Les opposants aux JO soulignent que la France fait face à des pénuries d’eau croissantes, exacerbées par les épisodes de sécheresse qui touchent le pays. Selon le ministère de la Transition écologique, près de 80 départements ont été placés en vigilance sécheresse au cours de l’été 2023, une situation alarmante qui remet en question la viabilité de projets d’envergure comme les JO.
Les acteurs de l’écologie organisent des manifestations durant la visite du CIO pour faire entendre leurs préoccupations. Ils mettent en avant les impacts environnementaux liés à l’organisation des JO, notamment l’augmentation de la consommation des ressources naturelles et les émissions de gaz à effet de serre.

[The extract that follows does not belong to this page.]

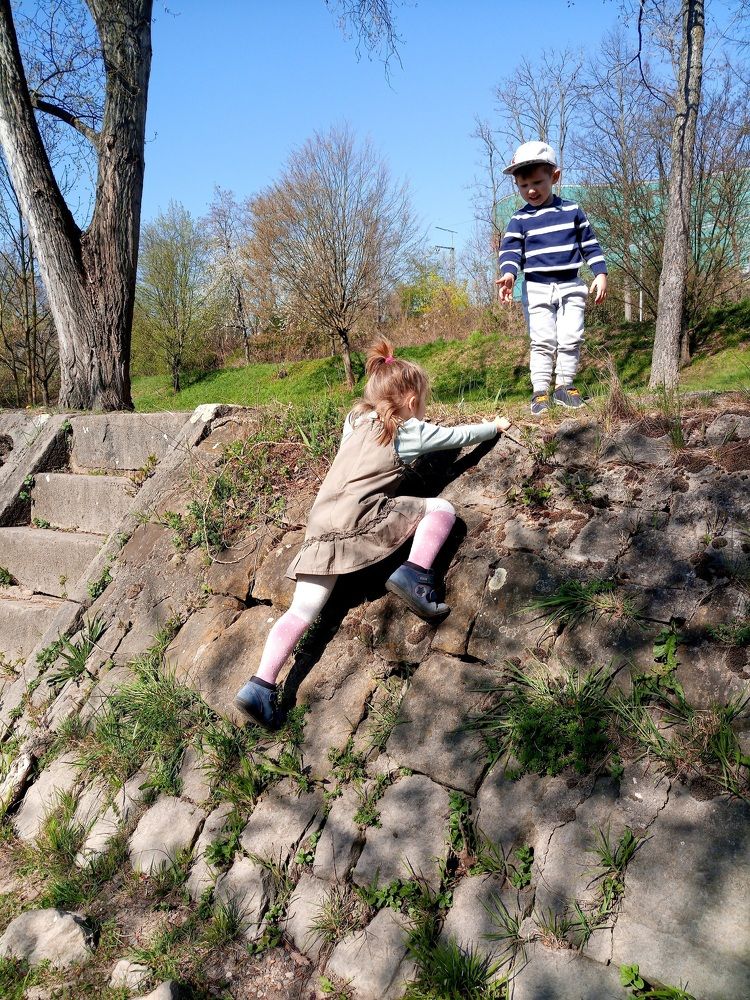 Photograph by Ирина Ерохина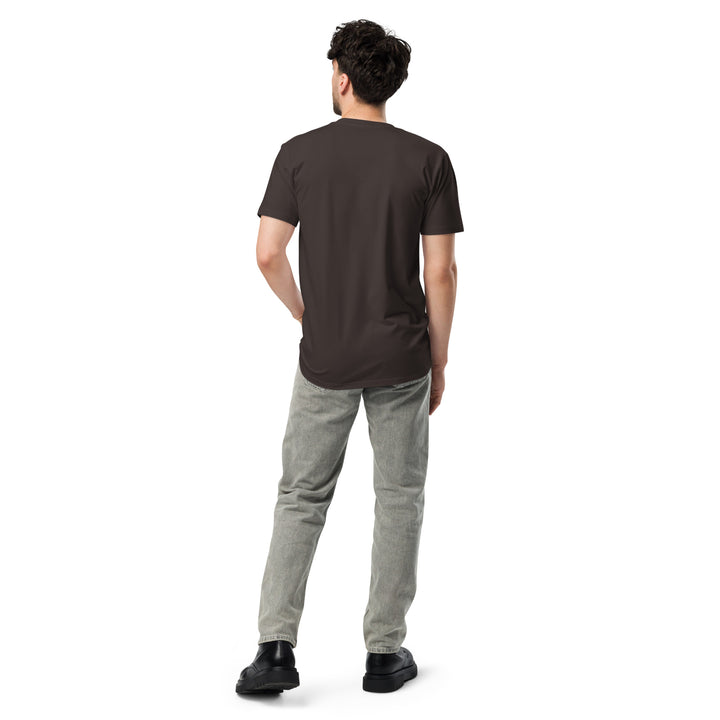 Translation missing: en.Product mockup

Les élus de gauche, quant à eux, appellent à un débat public sur la pertinence de tels événements face aux enjeux environnementaux actuels. Ils estiment que les priorités devraient se concentrer sur des solutions durables pour faire face à la crise climatique, plutôt que sur des projets jugés non essentiels.
La situation actuelle soulève des interrogations sur l’avenir des JO en France, alors que la pression pour répondre aux enjeux environnementaux s’intensifie.
Source : Ministère de la Transition écologique.